Halil Ibrahim Ülgü 3/7 de Muteşabihe uyma yoktur. Muteşabihin TEŞABEHE sine FİTNE ARAMAK amacıyla uyma vardır: gerek Muteşabihe uymak ve gerekse bunun teşabehesine uymak GEREKLidir GÜNAH değildir. FİTNE ARAMAK amacıyla muteşabihin teşabehedsine uymak yasaklanır. Bıçak almaya çarşıya gittiğinizi söylerseniz kimse size ilşmiz ama ADAM ÖLDÜRMEK için bıçak almaya gittiğinizi söylerseniz Millet başınıza üşüşür ve sizi caydırmaya çalışır. İşte yasak ola budur. Bir adamın anasına avradına söversiniz amacınız onun iyiliğidir. Bu teşabeheye uymaktır. Aynı sövmeyi onun iyiliği için değilde toplum içinde küçük düşürmek için yaparsanız bu teşabeheye FİTNE ÇIKARMAK amacı ile uymaktır. Birincisi makuldür ama ikincisi ADAMLIK değildir. FİTNE çıkarak için TEŞABEHEYE uymaya engüzel çrnekler 2/246-249.cu ayetlerdir.

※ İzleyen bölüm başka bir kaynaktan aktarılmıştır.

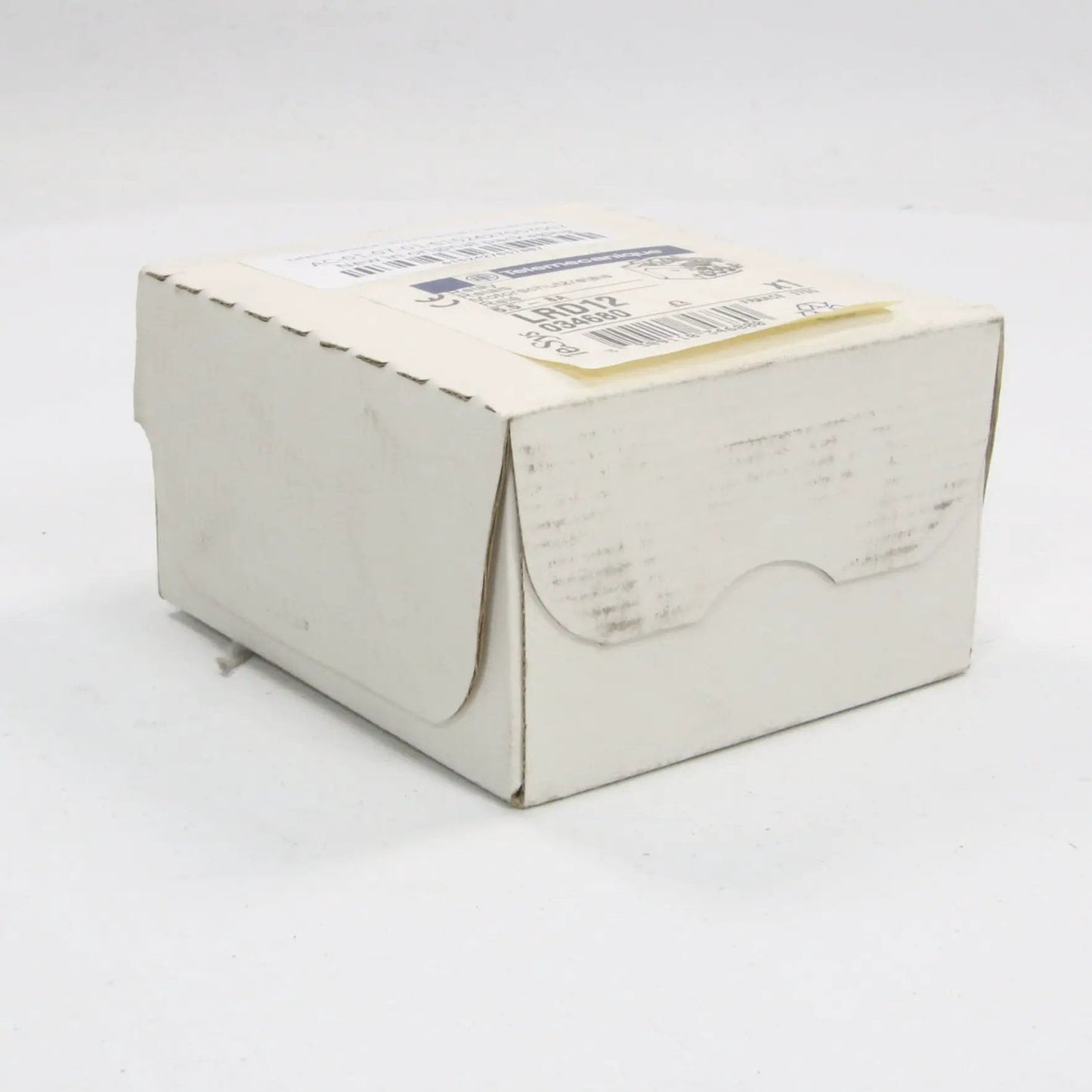 Telemecanique LRD12 Thermal Overload Relay
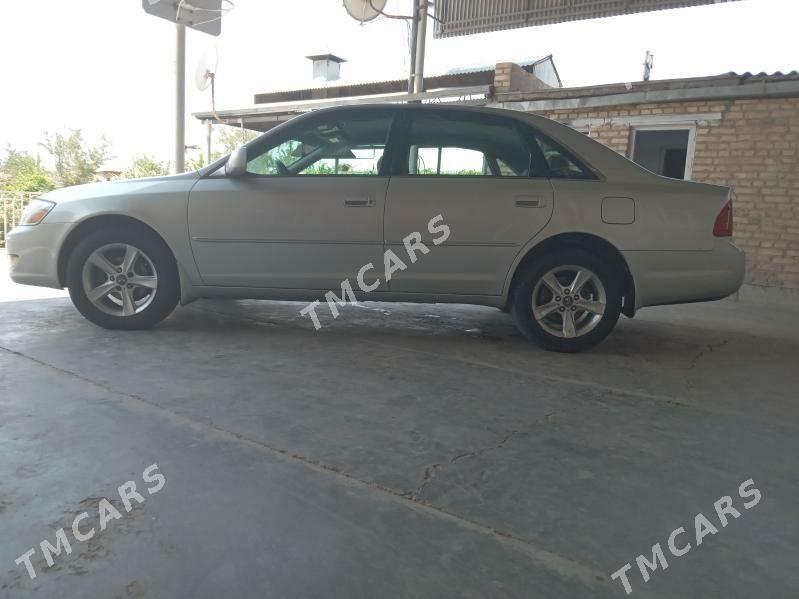 Toyota Avalon 2000 - 170 000 TMT - Mary - img 2
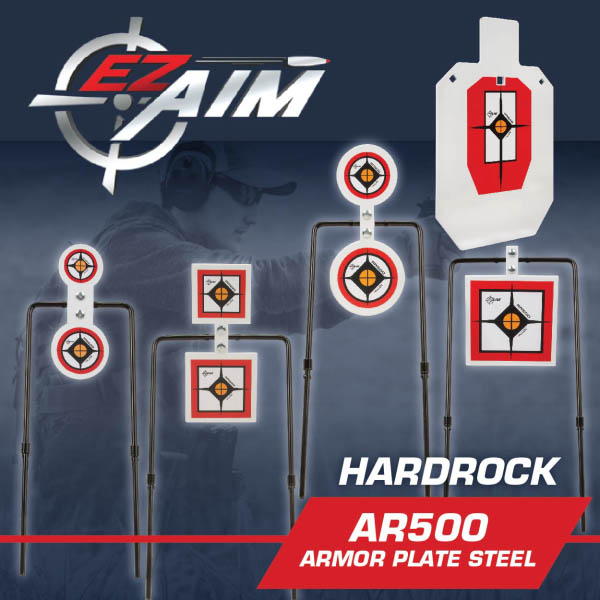 ALLEN Lineup of Steel Shooting Targets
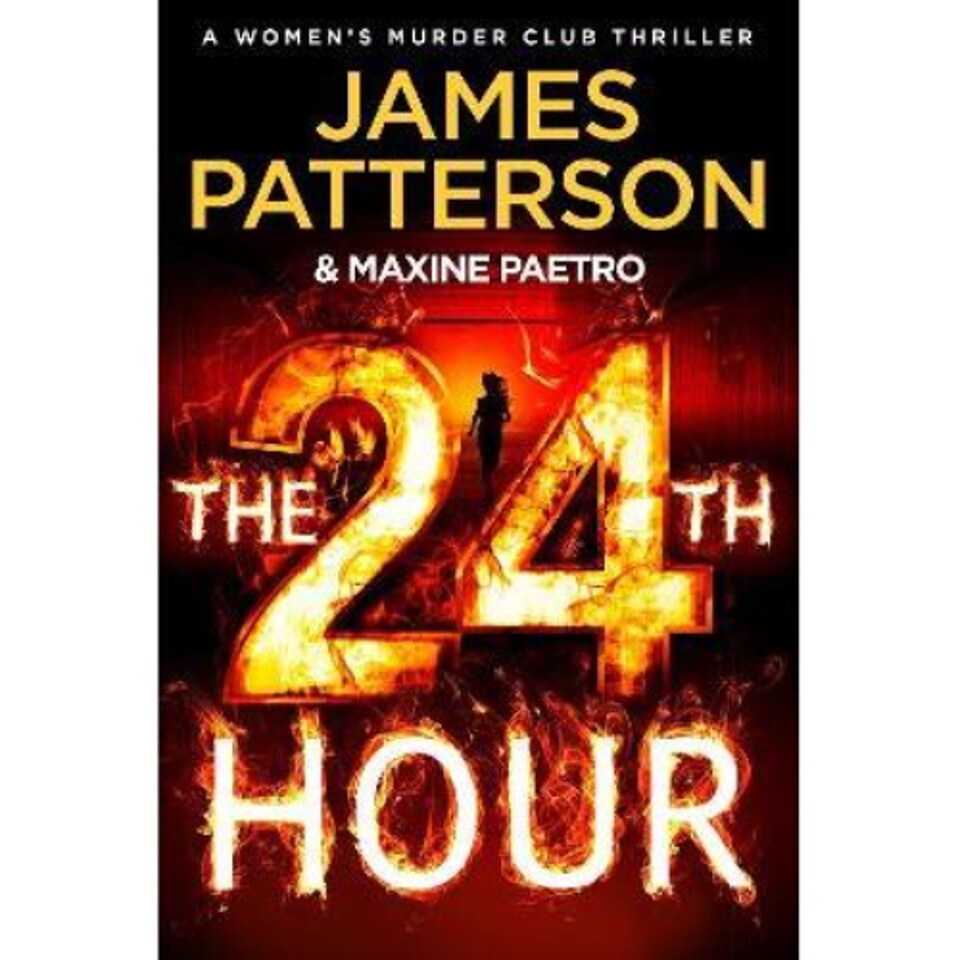 The 24th Hour James Patterson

Feridun Akgül Halil Ibrahim Ülgü hocam ayette min ledun ve uhkimet aynı anda kullanıdığına göre bundan ne anlamalıyız.
Elif lâm râ kitâbun uhkimet âyâtuhu summe fussılet min ledun hakîmin habîr
Halil Ibrahim Ülgü Hiçbir şeyin göründüğü gibi olamayabileceğini(elif lam ra) onu tecrübe ede ede öğreneceksiniz(kitabun uhkimet ayatuhu) bunu öğrenirken de sadce bunu değil bu tecrübeler size başka şeyleri de öğretecek(sümme FUSSİLET min ledün Hakiymiun habiyrün).
Halil Ibrahim Ülgü yenile yenile yenmesini ,yıkıla yıkıla ayakta dik durmasını, çarpıla çarpıla çarpılmamayı, aldatıla aldatıla aldaltılamamayı öğreneceksiniz. İşte bunlar sizin için hayatın yani KİTABIN tecrübeleri YANİ MUHKEM ayetleri olacak. hayat size hiç bir şeyin göründüğü gibi olamayabileceğini öğretecek İşte bu da ELİ FLAM RA . dır.
Feridun Akgül Yani meallerde ki anlam doğru değil Mealler kitabın açıklanmış olduğundan bahsediyor oysa ortada bir açıklık yok.
Halil Ibrahim Ülgü Mealler adamı ya ataist ya deist yada SAPIK yapar. İyi bir mealcinin İYi bir SORGULAYICI karşısında hiç bir şansı yoktur. Kuran MEAL değildir. Meallerin allahın kurana koyduğu ve rahman suresinde ziktrettiği 30 adet tekniğin kullanılarak tüm sorulara cevap verebilen haline KURAN denilir. KURAN Tedrisat ilmidir. TEDRİSAT ilminin Belkemiği ise KUVVETLİ SORGULAMAdır.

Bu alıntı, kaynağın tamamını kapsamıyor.